Par Taoufik Ayadi - Pour plusieurs stratèges israéliens la question palestinienne est tombée dans les oubliettes depuis plusieurs années avec la mort de Yasser Arafat en 2004 et particulièrement avec les derniers accords de normalisation des relations entre Israël et certains pays arabes, les Emirats arabes unis, Bahreïn, le Soudan et le Maroc. Cependant depuis le début du mois de mai 2021, la cause palestinienne est revenue au centre de l’actualité internationale suite à l’agression sanglante des forces d’Israël contre les palestiniens qui a entrainé jusqu’au 17 mai 2021 à 14H00 près de 200 morts palestiniens parmi les quels 58 enfants et 34 femmes avec un nombre de blessés qui s’élève à 1235, d’après la chaine de télévision «Palestine today». Un bilan humain important auquel s’ajoute les dégâts matériels énormes dans la bande de Gaza sous les tirs de l’armée d’Israël depuis plus d’une semaine.

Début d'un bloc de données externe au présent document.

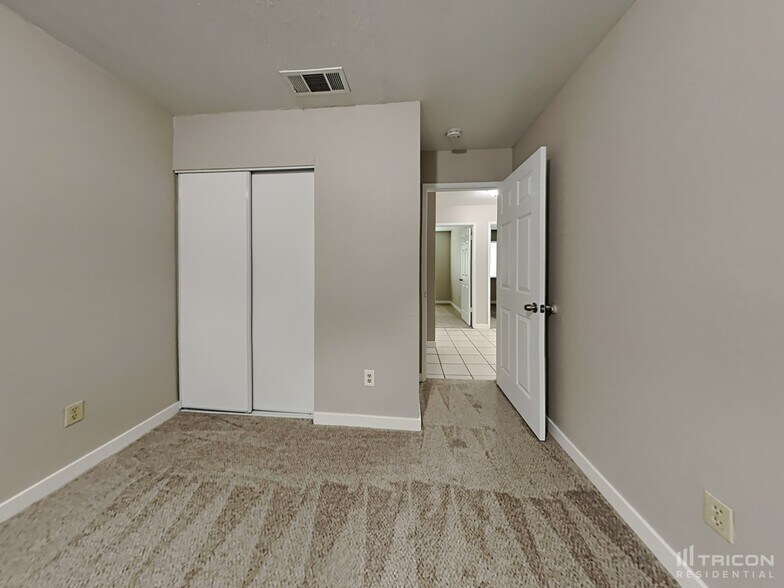 Building Photo - 601 Jeelu Way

La plupart des observateurs et sources d’information sur les lieux affirment que la réaction israélienne est extrêmement démesurée comparée à l’action de l’adversaire qui ne cherchait qu’à défendre ses droits légitimes à exister et à exercer ses rites religieux. Ces évènements ont provoqué une vague de manifestations de soutien au peuple palestinien partout dans le monde et prouvent plus que jamais que la paix au Moyen-Orient ne peut être construite sans le règlement du conflit central de cette région du monde; le conflit entre la Palestine et Israël, quelque soit le nombre des pays et des monarchies arabes qui pourraient normaliser leurs relations avec Israël dans l’avenir.
Dans ce contexte douloureux de montée des tensions, de violence et d’escalade dans les territoires palestiniens quelles sont alors les principaux évènements qui ont généré et marqué la crise actuelle? Par quoi se caractérisent les positions et les réactions à l’échelle internationale? Et quelles sont les enseignements que l’on peut tirer, "à chaud"?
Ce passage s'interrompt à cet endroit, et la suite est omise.